Gil Thorp, 5/28/22
Welp, the gig (gigg?) is up for our boy Gregg, whose blindness was was discovered by Coach Thorp, and after briefly taking the position that, while he was willing to engage in an elaborate web of deception to fool the world, actually making use of reasonable accommodations for his disability would be a bridge too far, he quickly changed his mind and will be wearing a mask to protect him from the baseballs that will be flying at top speed towards his face, completely unseen. Mostly today I’m enjoying the Thorp’s post-coaching intimacy, with Mimi admiring both Gil’s manly yet caring mentoring style and his carrot-cutting skills (he’s going to slice off a finger roughly 0.5 seconds after he delivers his line in the final panel).
Hi and Lois, 5/28/22
What ever happened to romance? To mystery? All you have to do is look at Chip’s face to see how a red-blooded American teen reacts to a girl who “is straightforwardly interested in physical intimacy” or whatever. Thank god nobody else is in this theater to watch a women’s libber absolutely ruin this date, and also to apparently hear them talking at full volume during the movie.

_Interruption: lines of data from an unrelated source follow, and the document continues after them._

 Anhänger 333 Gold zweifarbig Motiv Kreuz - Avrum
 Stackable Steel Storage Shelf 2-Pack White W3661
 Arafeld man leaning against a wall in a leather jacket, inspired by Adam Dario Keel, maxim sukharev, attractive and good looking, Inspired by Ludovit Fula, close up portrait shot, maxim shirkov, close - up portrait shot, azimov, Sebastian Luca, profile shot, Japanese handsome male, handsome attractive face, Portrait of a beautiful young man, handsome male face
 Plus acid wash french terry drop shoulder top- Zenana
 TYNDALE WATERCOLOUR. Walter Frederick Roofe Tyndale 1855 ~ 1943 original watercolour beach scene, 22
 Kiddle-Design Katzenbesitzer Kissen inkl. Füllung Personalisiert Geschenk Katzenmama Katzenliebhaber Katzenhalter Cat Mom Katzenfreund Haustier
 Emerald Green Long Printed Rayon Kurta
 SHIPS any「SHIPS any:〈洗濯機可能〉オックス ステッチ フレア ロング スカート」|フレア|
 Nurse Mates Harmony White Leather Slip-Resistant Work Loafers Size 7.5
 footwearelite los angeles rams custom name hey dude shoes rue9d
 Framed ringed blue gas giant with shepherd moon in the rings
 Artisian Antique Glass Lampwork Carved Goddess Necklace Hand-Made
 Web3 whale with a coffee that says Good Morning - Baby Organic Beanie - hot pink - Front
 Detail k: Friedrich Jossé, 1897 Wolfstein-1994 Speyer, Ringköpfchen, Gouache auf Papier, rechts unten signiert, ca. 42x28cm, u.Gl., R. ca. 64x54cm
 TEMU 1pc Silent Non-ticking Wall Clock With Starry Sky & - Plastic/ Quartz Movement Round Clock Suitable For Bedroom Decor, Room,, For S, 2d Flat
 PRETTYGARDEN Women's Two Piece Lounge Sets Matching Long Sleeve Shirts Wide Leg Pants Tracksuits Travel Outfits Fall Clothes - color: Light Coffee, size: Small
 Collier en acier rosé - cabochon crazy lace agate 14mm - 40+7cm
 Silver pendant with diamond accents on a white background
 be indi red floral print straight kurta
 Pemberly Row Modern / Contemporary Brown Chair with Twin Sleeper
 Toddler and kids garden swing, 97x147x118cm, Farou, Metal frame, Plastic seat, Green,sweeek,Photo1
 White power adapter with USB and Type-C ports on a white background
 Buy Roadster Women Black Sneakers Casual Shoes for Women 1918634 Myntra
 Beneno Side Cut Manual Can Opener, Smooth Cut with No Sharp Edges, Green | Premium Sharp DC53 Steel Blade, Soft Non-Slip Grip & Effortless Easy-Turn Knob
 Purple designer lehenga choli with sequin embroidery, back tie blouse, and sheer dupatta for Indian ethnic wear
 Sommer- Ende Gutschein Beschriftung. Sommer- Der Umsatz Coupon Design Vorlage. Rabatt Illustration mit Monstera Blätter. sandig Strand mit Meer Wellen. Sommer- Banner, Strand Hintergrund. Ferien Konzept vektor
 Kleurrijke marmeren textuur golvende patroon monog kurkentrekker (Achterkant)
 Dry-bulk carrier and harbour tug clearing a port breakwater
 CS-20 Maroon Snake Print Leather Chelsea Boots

Not only do I absolutely buy Crankshaft becoming obsessed with the minutia of property laws, I actually think this would be a great topic for a whole series of storylines. If we’re really lucky, he goes down an internet rabbit hole and becomes a sovereign citizen whackadoo. He’s going to spend hours at the diner scowling at Ralph and Keesterman, talking about how gold fringe on a courtroom flag means you’re being tried under admirality law and that means you don’t have to pay any property tax, while they wait for a terrible pun that never comes.